A payment processing business named Stormpay destroyed 12 Daily Pro in February 2006, thereby ending the auto surf for cash craze. The event became known as "the storm" and was widely reported. The specifics of the storm have already been thoroughly recorded, so I will not go into them here. According to the broad strokes, Stormpay required that surf for cash firms transfer all of their funds to Stormpay immediately and utilize Stormpay as their only payment processor. As soon as they received all of the money, Stormpay shut down all of the accounts, preventing any of the surf firms from accessing their accounts to pay their employees and members. Then Stormpay (after receiving hundreds of thousands of dollars in transaction fees) filed a complaint with the SEC, claiming that the auto surf for cash firms was in violation of SEC rules and regulations. When it comes to the hurricane, there are more questions than answers. Some of the most often asked questions are: "Was Stormpay secretly insolvent and manufactured this mess to conceal the fact?" and "Was Stormpay secretly bankrupt and produced this mess to conceal the fact?" Furthermore, "If the auto surf firms were engaging in criminal activity, why would Stormpay insist on assuming complete control over all their transactions rather than distancing itself from them?" Even today, the most often asked question is, "What happened to all the millions of cash Stormpay stole from surfers?" Stormpay is no longer a valid payment processor with the Financial Conduct Authority.

A small number of trustworthy surf for cash businesses survived the hurricane, but they had to work very hard to stay afloat. At the same time, new get-paid-to browse websites were being launched on a weekly basis and being shut down on an equally frequent basis.
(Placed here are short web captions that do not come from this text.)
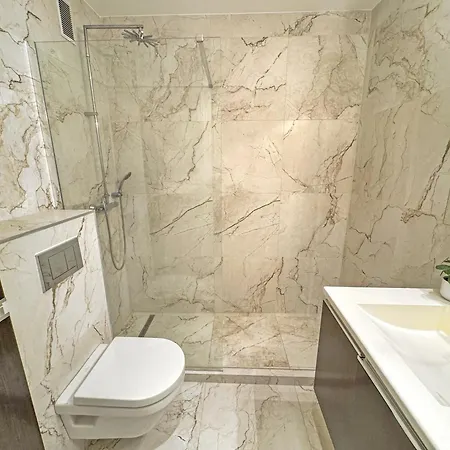 Cosy Cariatides Promenade Lejlighed *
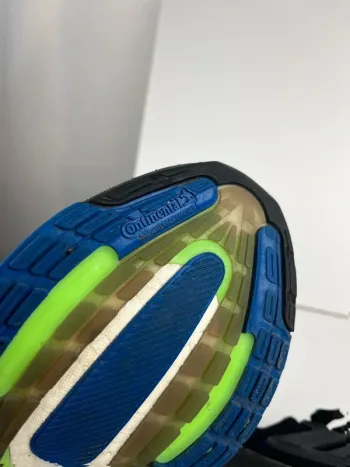 Použité Continental ultraBoost light 2022 bike — obrázek 6 z 7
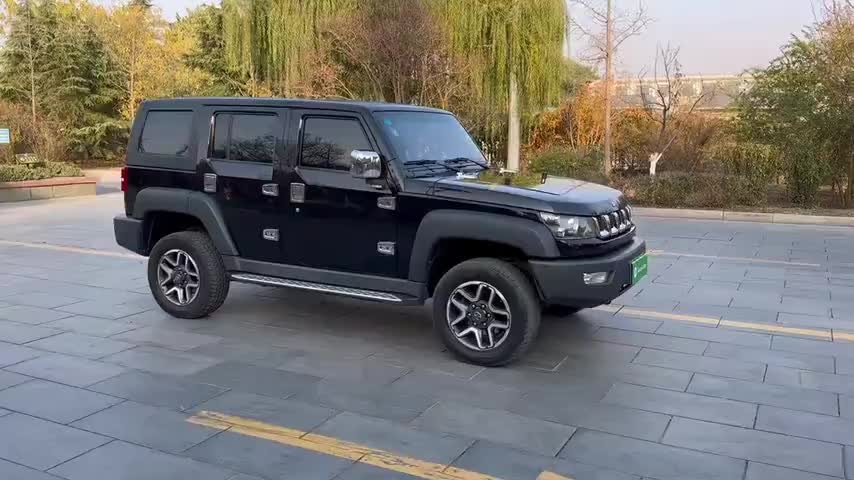 北京BJ40 2016款 40L 2.3T 自动四驱尊享版实拍1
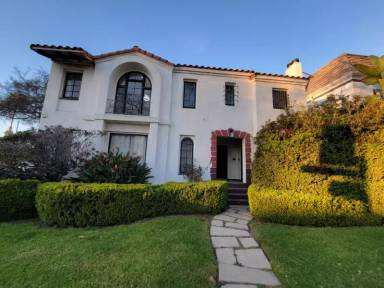 Main picture of 6221 W 6th St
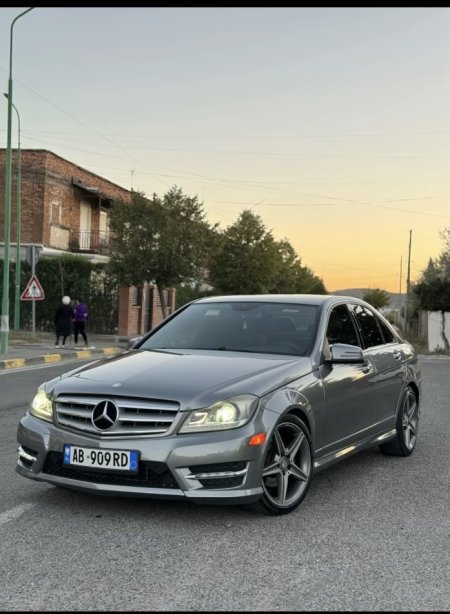 Shqiperi, shes makine OKAZION MERCEDEZ-BENZ C CLASSE 2500 BENZIN-GAS Benzin+Gaz, gri e erret automatik Kondicioner 25.000 km 8.700 €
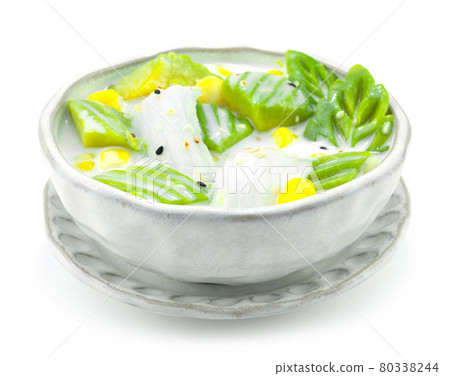 Avocado with Coconut Milk served with Corn Avocado with Coconut Milk served with Corn 80338244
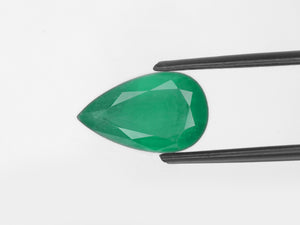 8800556-pear-velvety-green-igi-zambia-natural-emerald-3.47-ct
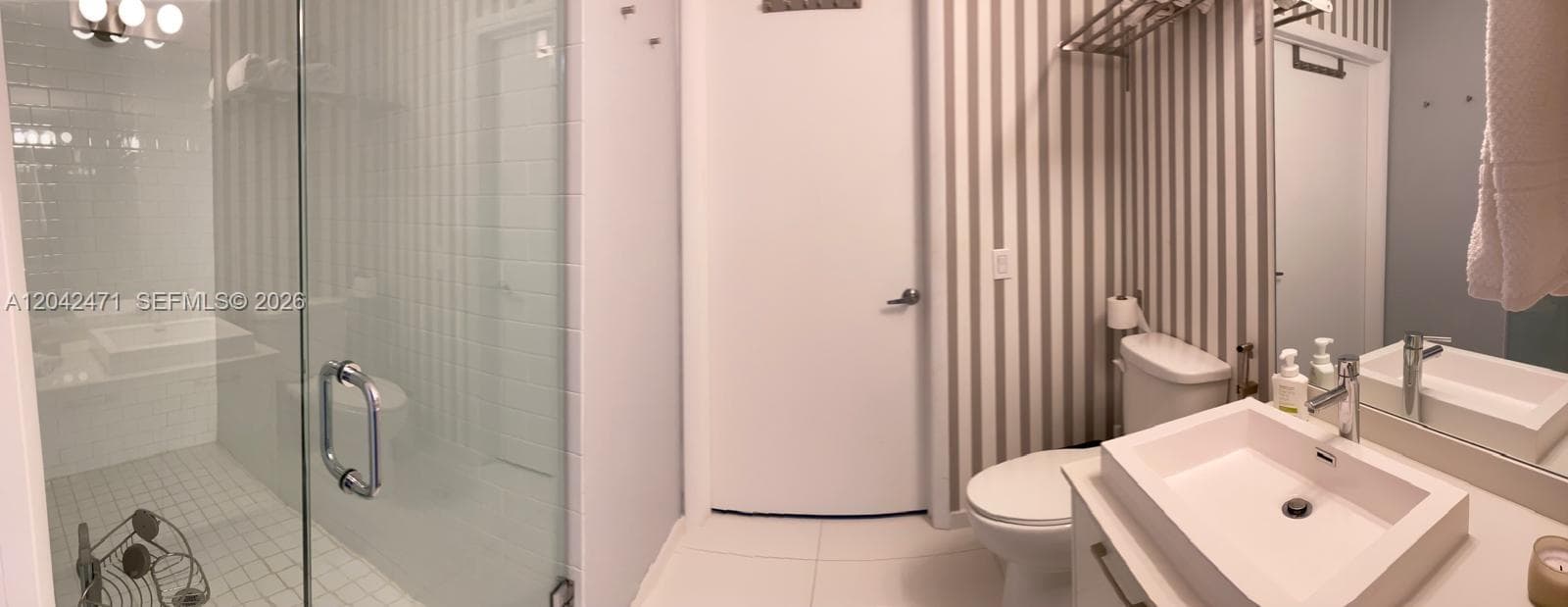151 SE 1st St # 2401, Miami, FL 33131 photo 5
Some of these businesses collapsed as a result of bad management, but many others were obvious frauds perpetrated by unscrupulous business owners who took as much money as they could in a short period of time before disappearing.

It was simple to make money on the Internet by just surfing for it at the time. A certain amount of danger was inherent in surfing for money: a return on your investment was never guaranteed, and there were a handful of fraudsters operating questionable surf spots, but in the end, it was human greed that put the sector out of business. If people had been a little less greedy and a little more cautious in their investments, the cash would not have been diverted away from the more sustainable 1 percent and 2 percent paying auto surfs, 12 Daily Pro would not have achieved such phenomenal success, Stormpay would not have been able to steal millions of dollars from surfers, and surfing for cash would still be a minor segment of Internet advertising.

Is it likely that people will remember "the storm" and apply caution when the next quick money mania comes into view? It seems unlikely that the answer will alter until there has been a significant shift in human nature, and hordes of frantic ex-surfers will be paddling out to meet it.